Salendo in auto verso l’imboccatura della Strada militare delle 52 Gallerie si notano alcuni ristoranti tipici che vale la pena prendere in considerazione, scrivendoli nell’elenco delle cose da fare, magari in occasione di un pranzo della domenica.

Qui il piatto forte sono i bigoi co’ l’arna, il sugo d’anatra, un must have della cucina vicentina.

Se la divagazione è d’obbligo, i nostri passi ci conducono infine al parcheggio che prelude il sentiero che è il principe dei percorsi nelle Prealpi Venete.

Quello che oggi è uno sfidante itinerario per trekker fu concepito come ardita via militare:  la Strada della Prima Armata, realizzata nel 1917 (da marzo a novembre), abbraccia il massiccio del Pasubio. Un percorso di sei chilometri, di cui due e mezzo distribuito nei cinquantadue cunicoli scavati nella montagna.

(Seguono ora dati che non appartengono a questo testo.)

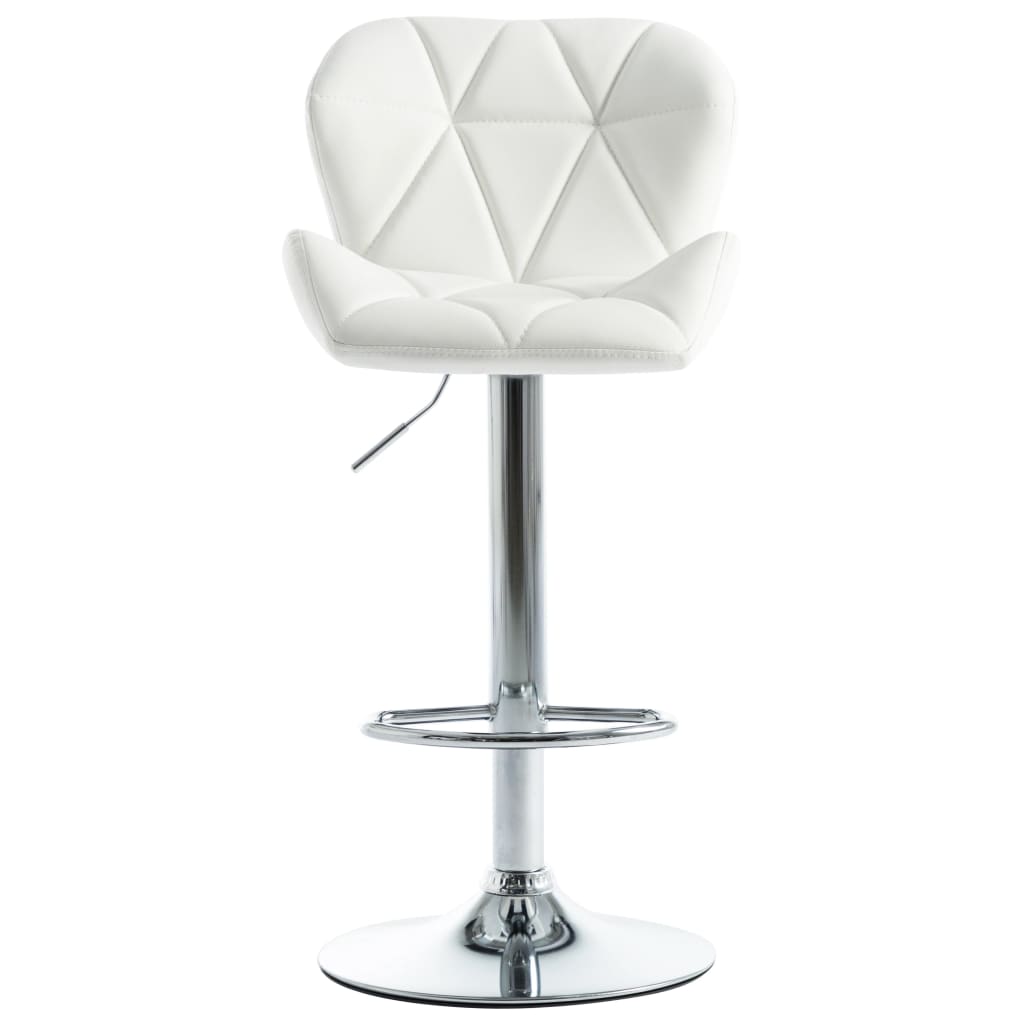Bar Stools 2 pcs White Faux Leather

Un progetto di folle ingegneria che porta all’estremo la strategia militare che impose la costruzione di un avamposto armato qui, tra le guglie dolomitiche, sul versante più esposto all’artiglieria austro-ungarica.

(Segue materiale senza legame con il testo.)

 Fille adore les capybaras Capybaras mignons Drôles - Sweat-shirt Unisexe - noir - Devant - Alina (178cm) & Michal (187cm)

In caso di sfondamento, gli austroungarici avrebbero potuto scendere facilmente fino a Venezia, aggirando lo stallo che gli italiani imponevano sul Piave. Da qui la necessità di insistere sul terreno oltremodo impervio. Su una montagna da eremiti.

Il percorso si conclude al rifugio Papa, incastonato nella roccia, ciò che resta dell’accampamento di baracche che – per anni – diede asilo ai militari. Avendo tempo (e gambe) l’escursione prosegue fino alla Cima Palon, il punto più alto del massiccio (a 2232 metri) e approda al Dente Italiano, l’avamposto. L’ultima frontiera.

Complice la stanchezza, la leggerezza dell’inizio della giornata è svanita: su questa montagna – dal 1915 al 1918 – trovarono la morte 4500 persone. I panorami, i denti seghettati, le nuvole che incontrando la roccia verticale si impennano nel cielo nel mezzogiorno d’agosto, lasciano intuire i geli dell’inverno, il buio, le algide stelle.

Un combattente austriaco definì la conca dietro al Papa “la caldaia delle streghe”, una sezione di fronte in cui “il vivere fu ben più duro che il morire”.